Saved data entries
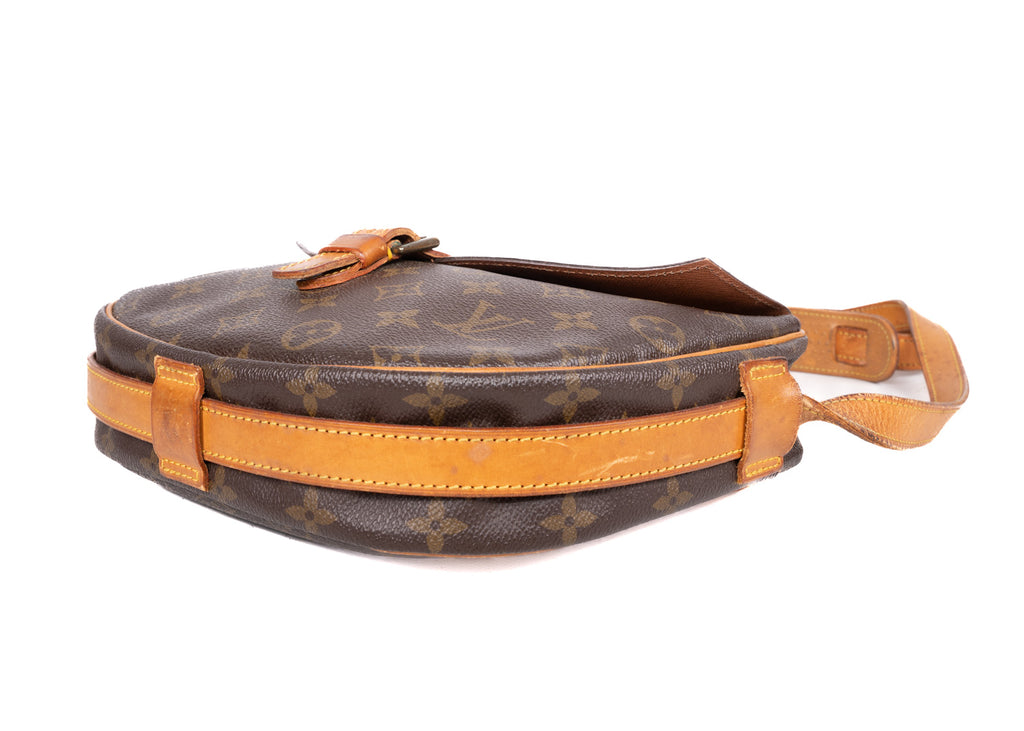 Jeune Fille Monogram Canvas GM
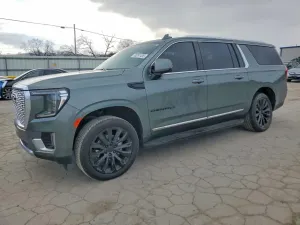 GMC Yukon 6.2L 8 2024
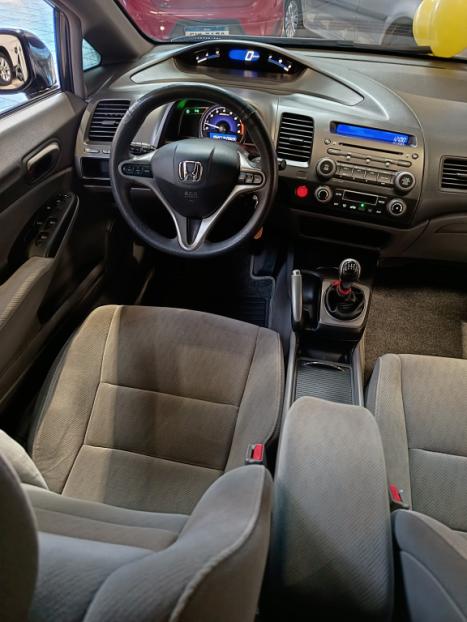 HONDA Civic 1.8 16V 4P FLEX LXL, Foto 6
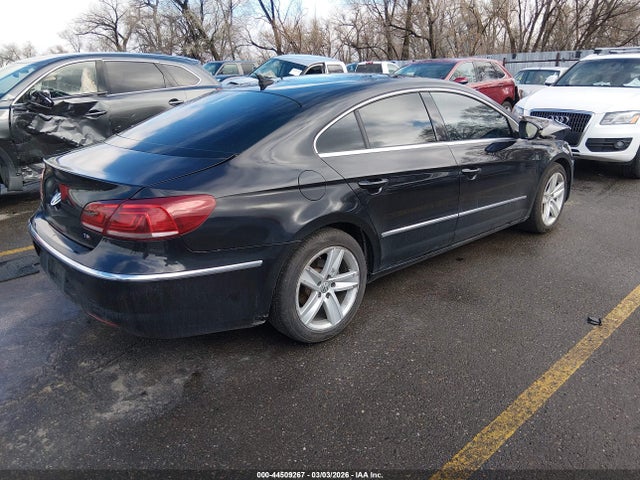 Volkswagen CC 2.0t Sport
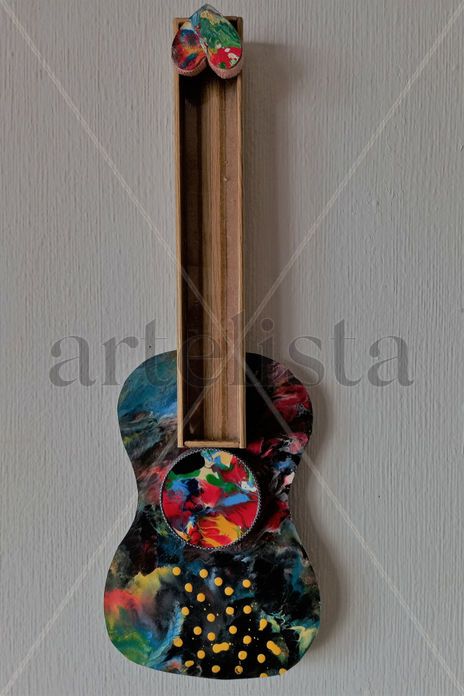 Escultura abstracta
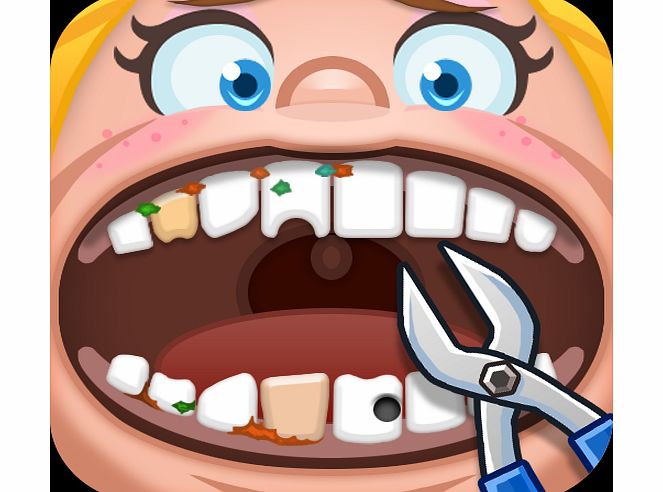6677g ltd Little Dentist - kids games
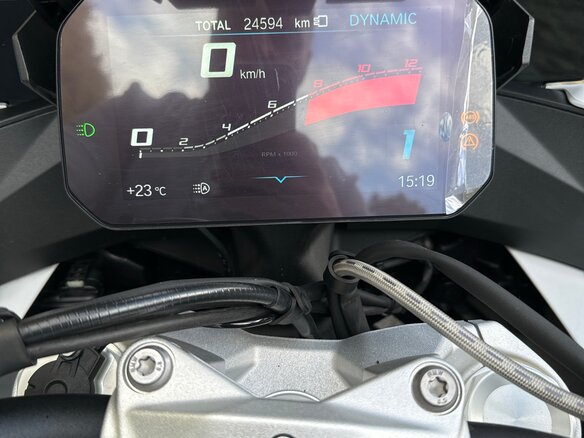 2021 BMW S 1000 XR, белый, 2200000 рублей - вид 8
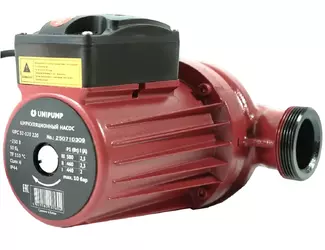 Циркуляционный насос Unipump UPC 32-120 220 3-х скоростной_1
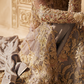 WISTERIA | Suffuse Aab-e-Zar Luxury Wedding Collection 2020 | Unsttiched Embroidered Embelished Bridal Suits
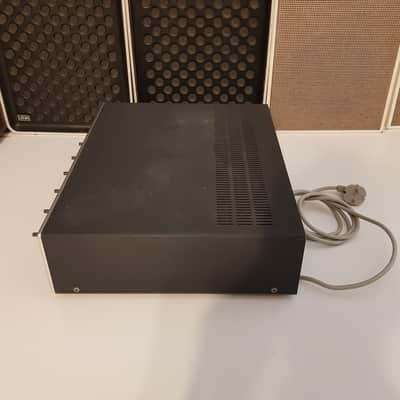 Amplifier Braun CSV 500 1968 - Silver / Black Working 100% Full Service Full Recap image 14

TASK DETAILS
Using the data above, set down each line from the line with "Escultura abstracta" to the line with "Циркуляционный насос Unipump" exactly, both ends included, and leave the pictures behind. Nothing else belongs.

EXERCISE RESPONSE
 Escultura abstracta
6677g ltd Little Dentist - kids games
 2021 BMW S 1000 XR, белый, 2200000 рублей - вид 8
 Циркуляционный насос Unipump UPC 32-120 220 3-х скоростной_1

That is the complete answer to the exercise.